Sta qui succedendo l’opposto di quanto avviene a Ravenna, dove il progetto Eni di un impianto CCS di sequestro di anidride carbonica non sta incontrando parimenti consapevoli opposizioni, nemmeno nel sindacato. Nella città tirrenica, oltre ai sindacati, quasi tutte le associazioni ambientaliste e civiche, gli studenti, il sindaco (eletto con una lista civica orientata a destra) e persino la diocesi – citando la Laudato Sì – hanno manifestato un forte interesse per il progetto e sono in programma diversi incontri (per lo più online) per farlo conoscere e per approfondirne gli aspetti tecnici, economici e occupazionali.

Che cosa possiamo ricavare da questa esperienza sommariamente riassunta?

  1. Che è la prima volta che in modo così esplicito un settore consistente e significativo della classe operaia si mobilita a favore di un progetto di transizione energetica, invece di arroccarsi nella difesa delle soluzioni di mera conservazione, sostanzialmente incompatibili con una vera svolta ecologica. Questo sembra dimostrare che, di fronte a un progetto credibile, i lavoratori possono assumere un ruolo protagonista, scuotendo sia gli interessi corporativi del management delle imprese che alcune delle pigrizie ancora presenti in zone sindacali più imprevidenti.

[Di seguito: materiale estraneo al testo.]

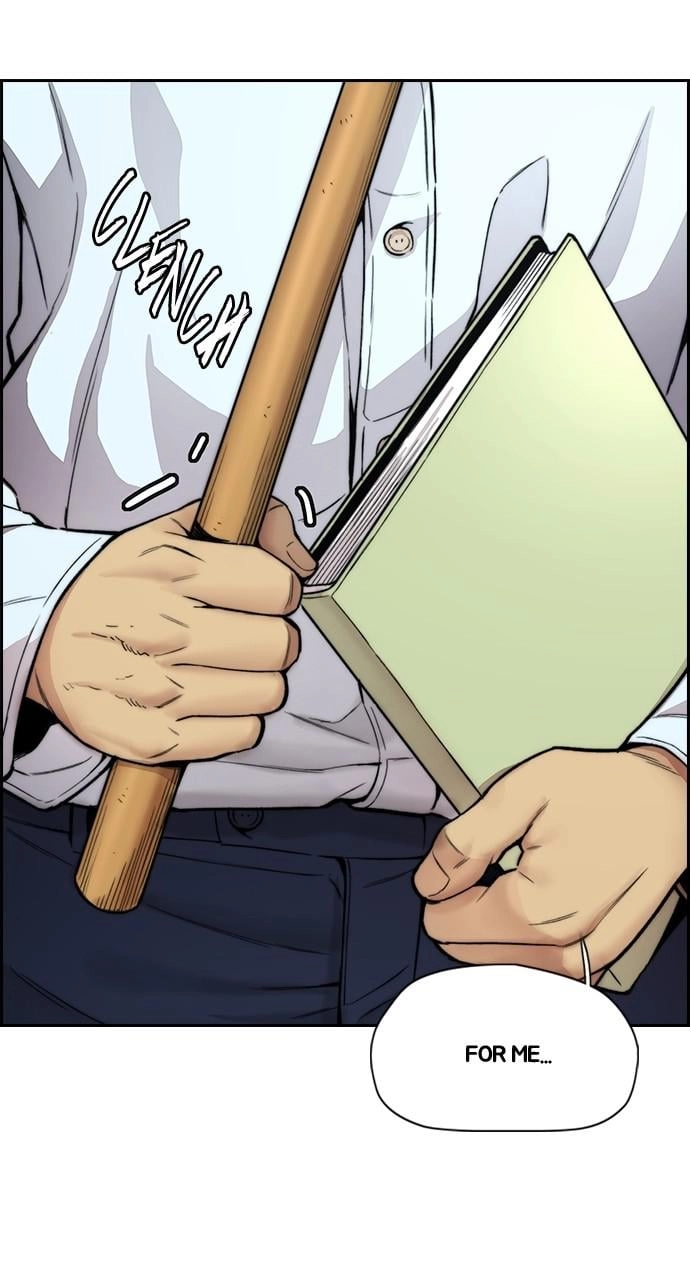 Wind Breaker Chapter 412 – S4-34 Page 40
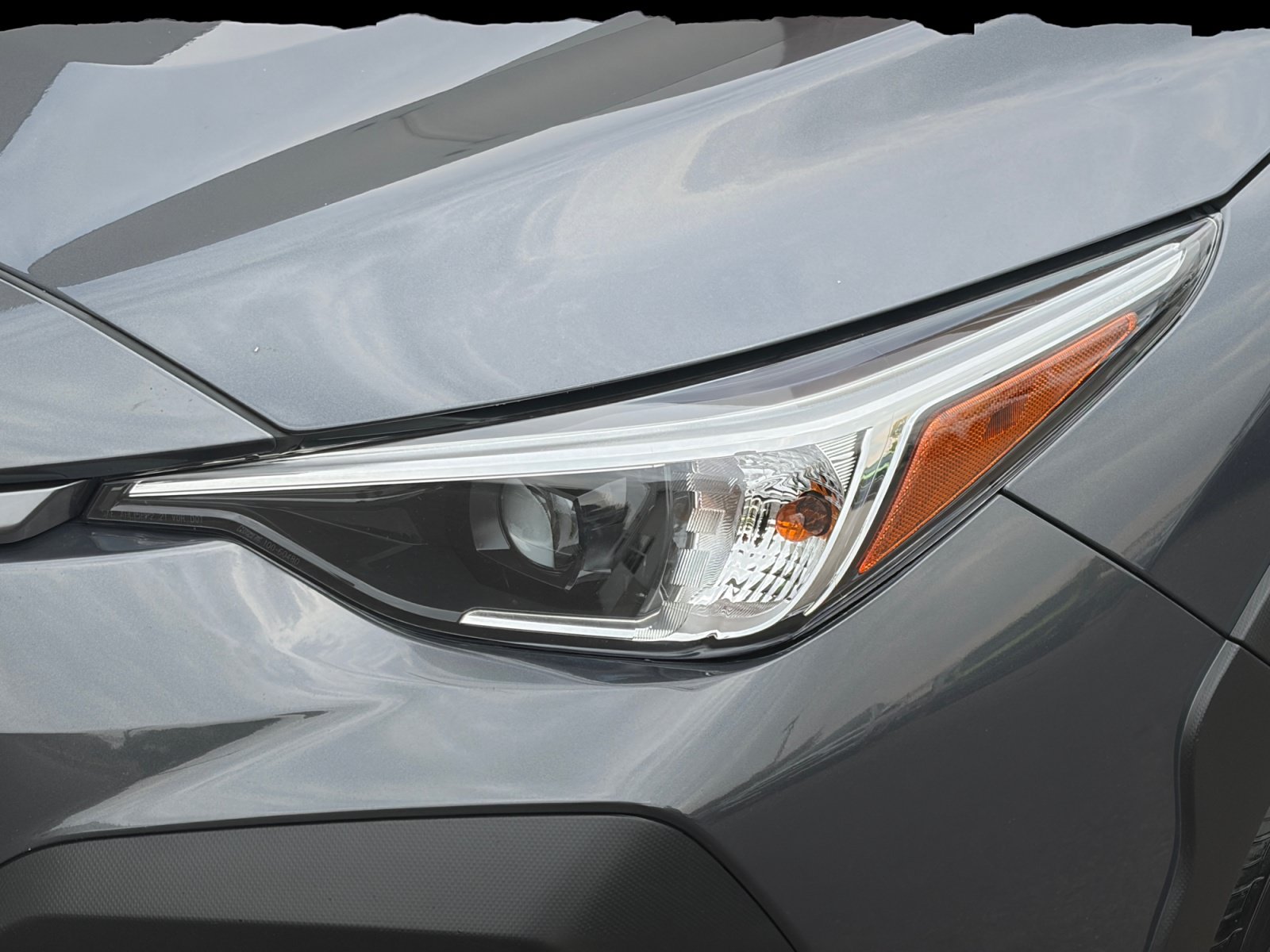 Used 2025 Subaru Crosstrek 2.5i Premium AWD/4WD image 9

  2. Che la prospettiva aperta da questo progetto si fonda sia sull’urgenza della crisi climatica, sia sulla sua credibilità tecnica e occupazionale (il volano di attività che il progetto comporta fornirebbe un moltiplicatore di occupazione qualificata; ad ora anche il calcolo economico sembrerebbe favorevole grazie ai fondi di Next Generation UE e alle occasioni di reindustrializzazione ad alta specializzazione che vengono incentivate in loco), sia, soprattutto, su una mobilitazione di forze sociali cittadine, a cui il progetto sta dando continuità e che porta a riflettere sulle potenzialità di un progetto prospettato nella forma di una “coalizione sociale”.

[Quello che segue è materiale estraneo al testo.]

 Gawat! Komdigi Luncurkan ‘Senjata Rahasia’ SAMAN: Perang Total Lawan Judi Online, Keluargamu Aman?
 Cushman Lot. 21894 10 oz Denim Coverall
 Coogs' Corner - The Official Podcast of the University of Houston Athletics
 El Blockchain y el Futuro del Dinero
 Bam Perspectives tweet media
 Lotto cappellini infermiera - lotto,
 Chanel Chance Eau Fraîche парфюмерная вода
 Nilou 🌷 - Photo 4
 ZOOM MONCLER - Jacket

  3. Che questa versione di rappresentanza anche diretta adeguatamente sostenuta, rinvigorita da una diffusione ampia di formazione e conoscenza, può innescare il processo di una sua replicazione a livello nazionale e, perché no?, internazionale, quando il problema della riconversione produttiva si pone con assoluta urgenza, qualificandosi di fronte alla direzione aziendale, come la vera controparte del processo di riconversione e della futura gestione dell’impresa, con una progressiva erosione dei poteri del management, in nome della difesa del “bene comune”.
  4. Che si tratta comunque di un processo conflittuale che non può restare confinato, pena la sua sconfitta, in un ambito prettamente aziendale, ma che riesce vincente se rimarca sul territorio interessi sociali e politici irrinunciabili, anche quando non vengono rappresentati dalle forme della governabilità calata dall’alto.